### Stored items from a collection
_ _ _
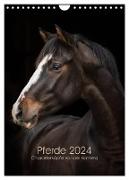 Pferde 2024 - Charakterköpfe vor der Kamera (Wandkalender 2024 DIN A4 hoch), CALVENDO Monatskalender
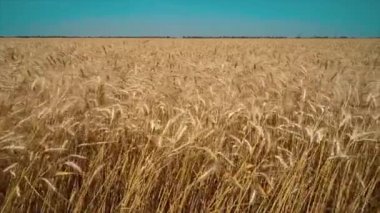Buğday alanı yakın. Altın buğday alanı izole, doğa manzara sağlık kavramı. Huzurlu sahne.
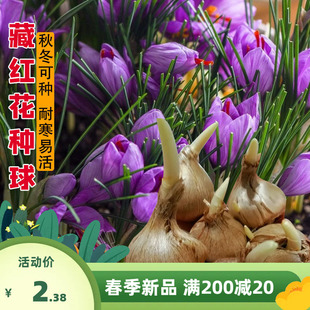 藏红花种球种子苗大球药用球根盆栽番红花西红花食用耐冻耐寒花卉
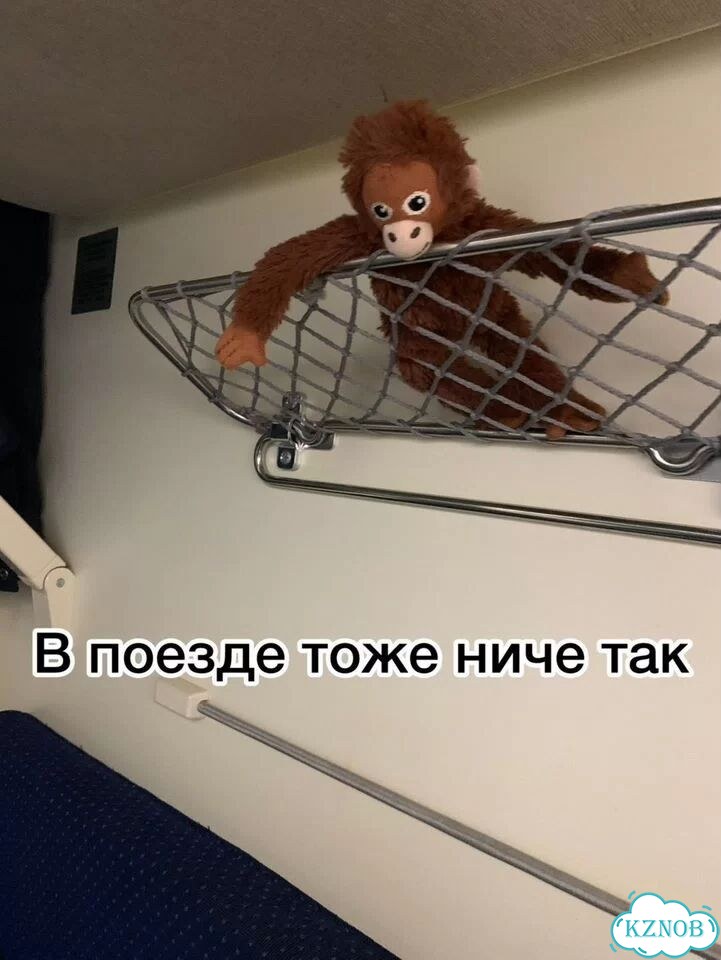 Легендарная обезьяна из IKEA ищет тусу фото 6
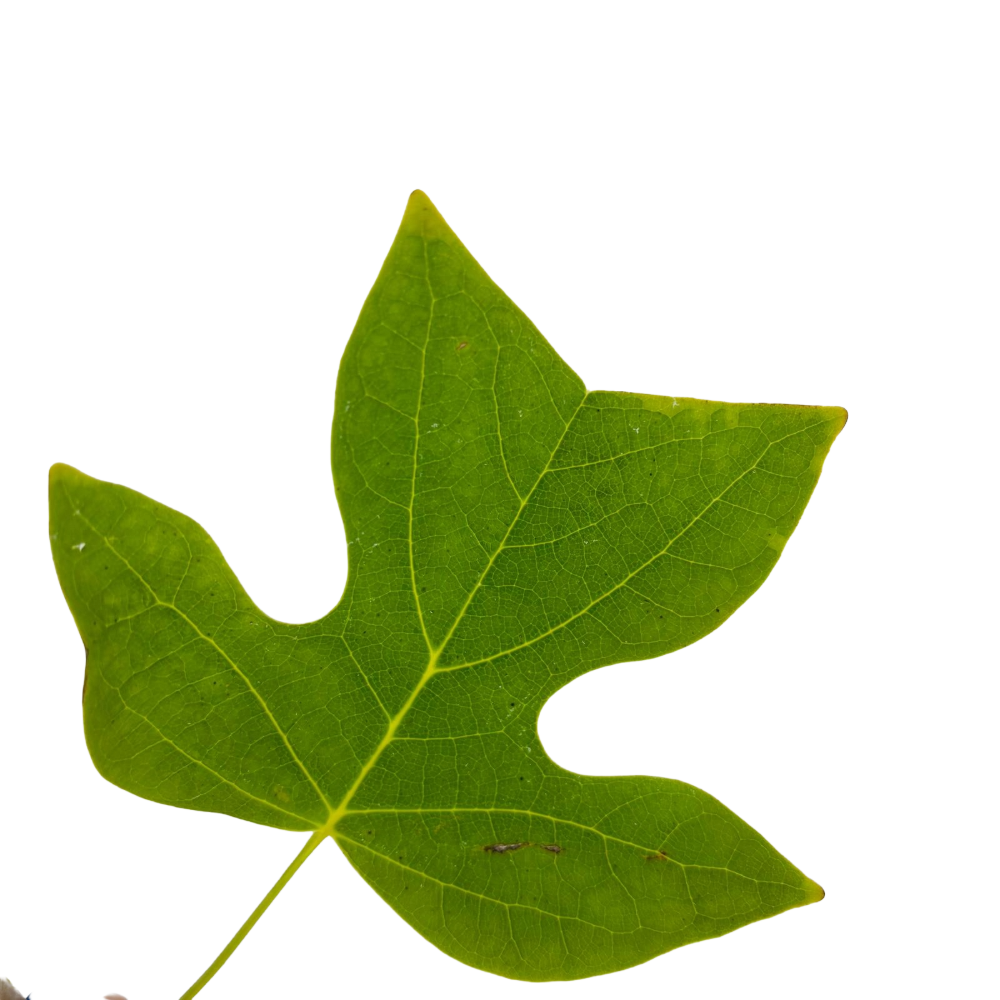 Liriodendron Tulipifera in vaso 16/18 cm 5 30745401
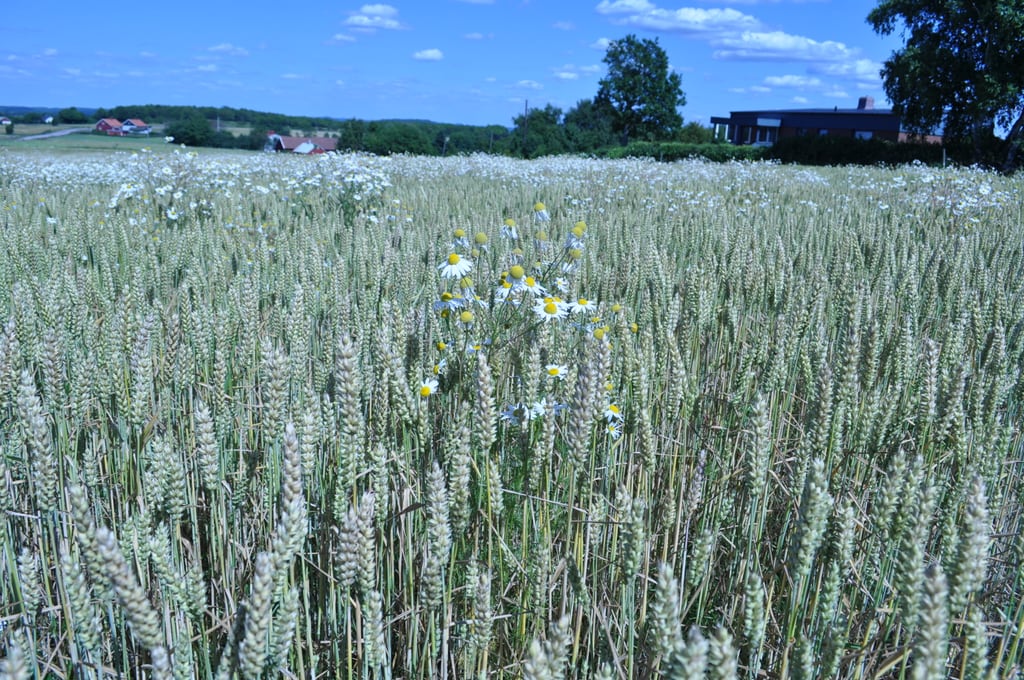 Green wheat field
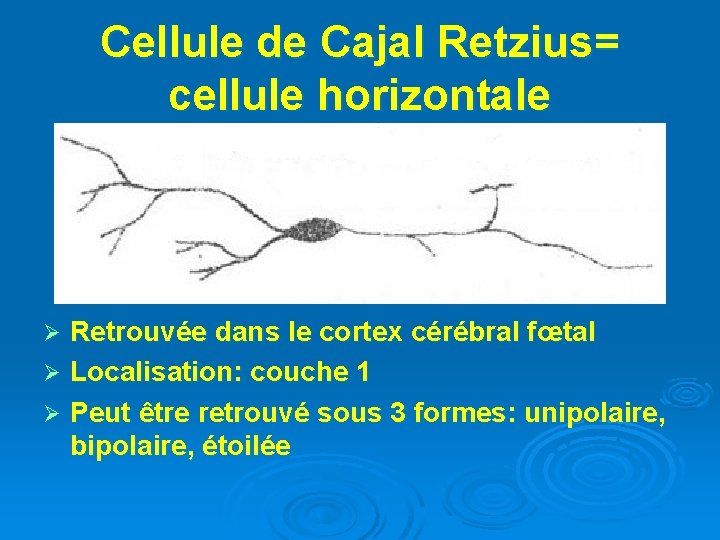 Cellule de Cajal Retzius= cellule horizontale Retrouvée dans le cortex cérébral fœtal Ø Localisation:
_ _ _
In your copy, include every record word for word but no pictures.

 Pferde 2024 - Charakterköpfe vor der Kamera (Wandkalender 2024 DIN A4 hoch), CALVENDO Monatskalender
Buğday alanı yakın. Altın buğday alanı izole, doğa manzara sağlık kavramı. Huzurlu sahne.
 藏红花种球种子苗大球药用球根盆栽番红花西红花食用耐冻耐寒花卉
 Легендарная обезьяна из IKEA ищет тусу фото 6
 Liriodendron Tulipifera in vaso 16/18 cm 5 30745401
 Green wheat field
 Cellule de Cajal Retzius= cellule horizontale Retrouvée dans le cortex cérébral fœtal Ø Localisation:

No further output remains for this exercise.